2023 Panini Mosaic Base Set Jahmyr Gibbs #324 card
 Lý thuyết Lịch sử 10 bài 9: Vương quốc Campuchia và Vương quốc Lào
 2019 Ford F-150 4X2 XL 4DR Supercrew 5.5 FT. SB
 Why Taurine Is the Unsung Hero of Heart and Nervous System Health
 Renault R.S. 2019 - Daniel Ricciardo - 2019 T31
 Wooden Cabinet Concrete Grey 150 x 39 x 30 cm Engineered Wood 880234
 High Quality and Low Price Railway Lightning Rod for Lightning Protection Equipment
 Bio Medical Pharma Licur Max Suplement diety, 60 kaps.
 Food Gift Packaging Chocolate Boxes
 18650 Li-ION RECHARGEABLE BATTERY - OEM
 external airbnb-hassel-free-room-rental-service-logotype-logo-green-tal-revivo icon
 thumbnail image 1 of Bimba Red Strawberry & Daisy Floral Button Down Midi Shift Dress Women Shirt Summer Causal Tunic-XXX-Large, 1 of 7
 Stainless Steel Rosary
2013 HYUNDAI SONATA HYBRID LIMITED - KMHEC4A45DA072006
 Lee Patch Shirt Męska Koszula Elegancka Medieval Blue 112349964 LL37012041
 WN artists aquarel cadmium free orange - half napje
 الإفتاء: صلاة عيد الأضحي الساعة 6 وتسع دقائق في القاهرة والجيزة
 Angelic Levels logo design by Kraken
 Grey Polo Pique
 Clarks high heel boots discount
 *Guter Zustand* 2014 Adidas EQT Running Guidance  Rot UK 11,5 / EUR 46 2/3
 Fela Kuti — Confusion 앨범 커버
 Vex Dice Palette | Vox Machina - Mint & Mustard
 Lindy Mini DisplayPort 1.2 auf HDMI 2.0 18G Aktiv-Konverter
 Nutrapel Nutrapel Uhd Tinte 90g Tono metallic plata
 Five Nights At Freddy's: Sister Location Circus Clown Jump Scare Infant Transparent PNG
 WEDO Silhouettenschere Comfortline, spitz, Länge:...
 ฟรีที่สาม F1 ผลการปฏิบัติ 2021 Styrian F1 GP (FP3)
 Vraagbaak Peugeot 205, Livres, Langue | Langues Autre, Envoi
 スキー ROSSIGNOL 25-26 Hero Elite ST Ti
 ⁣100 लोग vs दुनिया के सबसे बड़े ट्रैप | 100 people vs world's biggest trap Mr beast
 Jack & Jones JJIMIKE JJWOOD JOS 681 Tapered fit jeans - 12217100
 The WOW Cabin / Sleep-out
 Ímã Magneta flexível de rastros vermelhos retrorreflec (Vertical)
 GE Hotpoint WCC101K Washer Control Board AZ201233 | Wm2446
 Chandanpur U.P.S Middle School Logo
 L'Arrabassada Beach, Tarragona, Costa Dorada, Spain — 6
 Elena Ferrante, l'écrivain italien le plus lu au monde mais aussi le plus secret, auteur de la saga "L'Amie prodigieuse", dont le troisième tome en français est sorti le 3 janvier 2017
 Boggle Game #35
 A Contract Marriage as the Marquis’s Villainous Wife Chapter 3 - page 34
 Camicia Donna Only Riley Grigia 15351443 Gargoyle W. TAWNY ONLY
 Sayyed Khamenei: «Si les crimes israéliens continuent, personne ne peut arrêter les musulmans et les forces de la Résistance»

——

**What is needed**:
If a line of the entries above holds "Shirt", count it, then report the total alone.

**Answer to the exercise**:
2